This repo is based on MLAgentBench.
Create a conda enviroment with your TASK_NAME.
Then install the MLAgentBench package with
pip install -e .
pip install openai
Install dependencies with python 3.10 by running
bash install.sh
(Optional) For Kaggle datasets, you need to set up Kaggle API and authentication (~/.kaggle/kaggle.json) as described here. You may also need to provide manual consent to the rules of specific competitions by following the prompts.
Each task is a folder in MLAgentBench/benchmarks_base/, under which the env/ folder contains files that the research agent will see at the beginning, and script/ folder contains additional hidden files such as prepare.py for downloading data.
Steps:
- Fork this github repo to your own github space.

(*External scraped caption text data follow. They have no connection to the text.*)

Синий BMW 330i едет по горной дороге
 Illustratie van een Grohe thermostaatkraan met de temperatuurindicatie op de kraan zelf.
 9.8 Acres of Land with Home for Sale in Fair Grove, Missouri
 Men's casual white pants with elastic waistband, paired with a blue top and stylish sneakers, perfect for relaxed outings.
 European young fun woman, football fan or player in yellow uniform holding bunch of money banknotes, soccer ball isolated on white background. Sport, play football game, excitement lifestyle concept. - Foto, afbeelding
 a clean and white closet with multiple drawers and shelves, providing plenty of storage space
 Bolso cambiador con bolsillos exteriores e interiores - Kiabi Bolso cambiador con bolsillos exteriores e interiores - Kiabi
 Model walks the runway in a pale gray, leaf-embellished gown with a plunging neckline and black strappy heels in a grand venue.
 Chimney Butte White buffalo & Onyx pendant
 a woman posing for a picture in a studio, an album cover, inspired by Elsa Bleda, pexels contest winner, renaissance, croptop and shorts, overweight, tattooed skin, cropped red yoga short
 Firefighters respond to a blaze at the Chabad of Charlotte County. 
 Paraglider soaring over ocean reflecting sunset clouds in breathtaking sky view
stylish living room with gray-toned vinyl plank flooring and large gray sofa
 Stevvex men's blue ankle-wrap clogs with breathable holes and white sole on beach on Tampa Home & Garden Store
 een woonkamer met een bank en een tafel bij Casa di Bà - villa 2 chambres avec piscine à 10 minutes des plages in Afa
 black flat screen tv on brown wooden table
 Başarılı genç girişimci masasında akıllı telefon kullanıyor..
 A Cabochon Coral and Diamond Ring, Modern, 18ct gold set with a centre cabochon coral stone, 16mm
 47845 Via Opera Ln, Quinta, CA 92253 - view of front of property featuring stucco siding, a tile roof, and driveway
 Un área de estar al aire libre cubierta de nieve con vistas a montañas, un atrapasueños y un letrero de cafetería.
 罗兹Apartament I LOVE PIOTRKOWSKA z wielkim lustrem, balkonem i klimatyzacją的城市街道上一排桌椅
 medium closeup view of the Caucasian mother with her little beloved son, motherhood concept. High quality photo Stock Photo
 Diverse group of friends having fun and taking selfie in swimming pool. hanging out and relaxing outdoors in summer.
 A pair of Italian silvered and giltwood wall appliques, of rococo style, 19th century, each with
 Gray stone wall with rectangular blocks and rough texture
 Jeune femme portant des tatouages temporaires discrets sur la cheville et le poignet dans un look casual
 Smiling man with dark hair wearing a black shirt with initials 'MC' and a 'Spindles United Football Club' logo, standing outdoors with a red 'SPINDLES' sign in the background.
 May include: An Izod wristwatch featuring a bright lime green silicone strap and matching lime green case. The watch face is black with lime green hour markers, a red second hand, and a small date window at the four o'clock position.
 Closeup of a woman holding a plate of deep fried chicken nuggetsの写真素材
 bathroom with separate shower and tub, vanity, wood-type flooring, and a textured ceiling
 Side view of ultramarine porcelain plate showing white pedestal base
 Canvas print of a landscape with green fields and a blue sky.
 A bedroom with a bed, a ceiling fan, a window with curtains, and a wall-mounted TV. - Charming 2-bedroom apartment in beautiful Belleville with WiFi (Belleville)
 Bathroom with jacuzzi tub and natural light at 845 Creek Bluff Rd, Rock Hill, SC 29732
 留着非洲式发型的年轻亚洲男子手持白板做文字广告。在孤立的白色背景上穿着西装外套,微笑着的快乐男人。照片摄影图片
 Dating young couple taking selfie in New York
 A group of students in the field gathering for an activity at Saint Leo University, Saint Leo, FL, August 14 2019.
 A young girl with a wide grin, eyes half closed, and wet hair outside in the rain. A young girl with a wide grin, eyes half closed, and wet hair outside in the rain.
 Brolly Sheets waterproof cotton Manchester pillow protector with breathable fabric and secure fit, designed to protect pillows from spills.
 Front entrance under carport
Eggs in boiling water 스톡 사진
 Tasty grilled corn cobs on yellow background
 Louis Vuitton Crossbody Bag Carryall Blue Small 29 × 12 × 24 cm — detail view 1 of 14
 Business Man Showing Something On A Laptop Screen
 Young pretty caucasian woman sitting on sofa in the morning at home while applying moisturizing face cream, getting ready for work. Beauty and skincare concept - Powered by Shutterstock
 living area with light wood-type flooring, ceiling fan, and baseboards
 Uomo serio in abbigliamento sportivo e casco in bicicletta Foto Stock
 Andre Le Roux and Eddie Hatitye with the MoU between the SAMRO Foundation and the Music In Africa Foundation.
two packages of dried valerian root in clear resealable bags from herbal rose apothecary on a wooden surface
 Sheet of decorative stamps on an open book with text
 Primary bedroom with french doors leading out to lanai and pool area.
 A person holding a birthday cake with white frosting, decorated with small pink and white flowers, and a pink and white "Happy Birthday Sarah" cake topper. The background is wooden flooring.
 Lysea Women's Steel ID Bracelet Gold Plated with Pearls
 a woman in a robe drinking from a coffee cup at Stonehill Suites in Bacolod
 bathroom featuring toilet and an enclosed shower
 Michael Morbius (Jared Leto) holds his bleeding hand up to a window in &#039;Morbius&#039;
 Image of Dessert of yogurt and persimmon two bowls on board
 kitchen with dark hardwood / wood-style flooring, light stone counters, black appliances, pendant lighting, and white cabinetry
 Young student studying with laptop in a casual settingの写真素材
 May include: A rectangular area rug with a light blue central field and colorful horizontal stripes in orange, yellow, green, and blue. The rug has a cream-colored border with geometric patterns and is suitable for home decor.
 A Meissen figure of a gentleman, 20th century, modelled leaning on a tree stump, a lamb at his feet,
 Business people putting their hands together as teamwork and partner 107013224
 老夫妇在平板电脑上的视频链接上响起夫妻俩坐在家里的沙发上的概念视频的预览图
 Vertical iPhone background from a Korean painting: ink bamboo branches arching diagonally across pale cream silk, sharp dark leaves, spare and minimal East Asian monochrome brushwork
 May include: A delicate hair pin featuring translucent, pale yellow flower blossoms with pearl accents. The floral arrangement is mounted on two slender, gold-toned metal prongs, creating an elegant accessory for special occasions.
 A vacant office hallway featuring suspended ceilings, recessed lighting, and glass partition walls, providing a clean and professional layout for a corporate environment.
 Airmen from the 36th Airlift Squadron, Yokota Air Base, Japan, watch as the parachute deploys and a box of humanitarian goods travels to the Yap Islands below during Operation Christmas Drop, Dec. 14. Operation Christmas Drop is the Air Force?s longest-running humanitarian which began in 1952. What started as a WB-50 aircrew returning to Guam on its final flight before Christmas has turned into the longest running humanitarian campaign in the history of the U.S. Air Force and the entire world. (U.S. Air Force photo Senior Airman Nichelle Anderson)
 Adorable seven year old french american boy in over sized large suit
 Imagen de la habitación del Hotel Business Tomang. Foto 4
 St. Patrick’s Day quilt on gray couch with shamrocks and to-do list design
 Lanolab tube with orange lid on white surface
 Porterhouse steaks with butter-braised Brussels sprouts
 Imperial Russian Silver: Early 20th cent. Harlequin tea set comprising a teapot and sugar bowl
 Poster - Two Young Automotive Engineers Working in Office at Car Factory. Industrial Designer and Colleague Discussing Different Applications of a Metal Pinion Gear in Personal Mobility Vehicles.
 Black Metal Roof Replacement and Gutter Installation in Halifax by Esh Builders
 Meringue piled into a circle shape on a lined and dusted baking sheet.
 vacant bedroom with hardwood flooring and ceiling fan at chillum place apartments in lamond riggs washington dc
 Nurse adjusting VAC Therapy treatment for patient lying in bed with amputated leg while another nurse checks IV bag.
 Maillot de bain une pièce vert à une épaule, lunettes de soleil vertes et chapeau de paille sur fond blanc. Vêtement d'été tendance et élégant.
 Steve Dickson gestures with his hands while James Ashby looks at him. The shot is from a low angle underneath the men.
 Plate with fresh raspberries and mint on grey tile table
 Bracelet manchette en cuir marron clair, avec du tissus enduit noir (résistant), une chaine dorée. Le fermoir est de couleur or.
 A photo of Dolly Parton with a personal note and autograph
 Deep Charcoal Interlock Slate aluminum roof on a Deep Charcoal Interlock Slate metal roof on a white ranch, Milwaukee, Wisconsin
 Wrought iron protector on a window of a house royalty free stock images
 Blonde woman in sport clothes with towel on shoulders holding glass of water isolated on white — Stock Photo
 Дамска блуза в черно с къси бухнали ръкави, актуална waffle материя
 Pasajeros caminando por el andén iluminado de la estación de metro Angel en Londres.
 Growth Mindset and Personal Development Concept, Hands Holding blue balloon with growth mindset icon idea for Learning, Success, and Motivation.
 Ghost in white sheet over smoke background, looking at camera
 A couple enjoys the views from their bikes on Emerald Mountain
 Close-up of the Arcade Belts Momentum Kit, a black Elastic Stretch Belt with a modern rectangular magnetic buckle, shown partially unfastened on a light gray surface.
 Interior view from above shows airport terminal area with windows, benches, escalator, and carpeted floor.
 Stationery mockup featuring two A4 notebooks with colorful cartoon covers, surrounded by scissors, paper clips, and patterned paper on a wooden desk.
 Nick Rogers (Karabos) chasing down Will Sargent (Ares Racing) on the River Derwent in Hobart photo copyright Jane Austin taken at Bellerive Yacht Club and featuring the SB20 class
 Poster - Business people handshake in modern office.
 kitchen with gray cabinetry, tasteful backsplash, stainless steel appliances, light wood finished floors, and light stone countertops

- Complete steps in Setup Section for the MLAgentBench packages.
- Create a new task folder under
MLAgentBench/benchmarks_base, following the template. - add runtime and performance of your baseline method in
MLAgentBench/constants.py(Repeat your run multiple times to ensure consistency; the score should remain relatively stable across runs.) - Submit a pull request.
Here are the commands to test your newly added tasks:
# prepare conda environment and data
cd MLAgentBench/benchmarks_base/${TASK_NAME}/scripts/
conda env create -f environment.yml
conda activate ${TASK_NAME}
# We will install MLAgentBench and openai packages in the newly created conda environment
python prepare.py
# evaluate baseline method on validation set
cd ../env
python main.py -m my_method -p dev
# evaluate baseline method on test set
cp -r ../scripts/test_data/* data/ # prepare test data (updated)
cp ../scripts/test_constants.py constants.py # prepare test-time configuration
python main.py -m my_method -p test
Also if possible, please include a background.txt file under scripts folder with excerpt from relevant papers or technical reports written by competition participants (besides baseline paper) containing description and core code for relevant methods. See this for an example on llm-merging task. This info will be used to inspire LLM agents for better solutions.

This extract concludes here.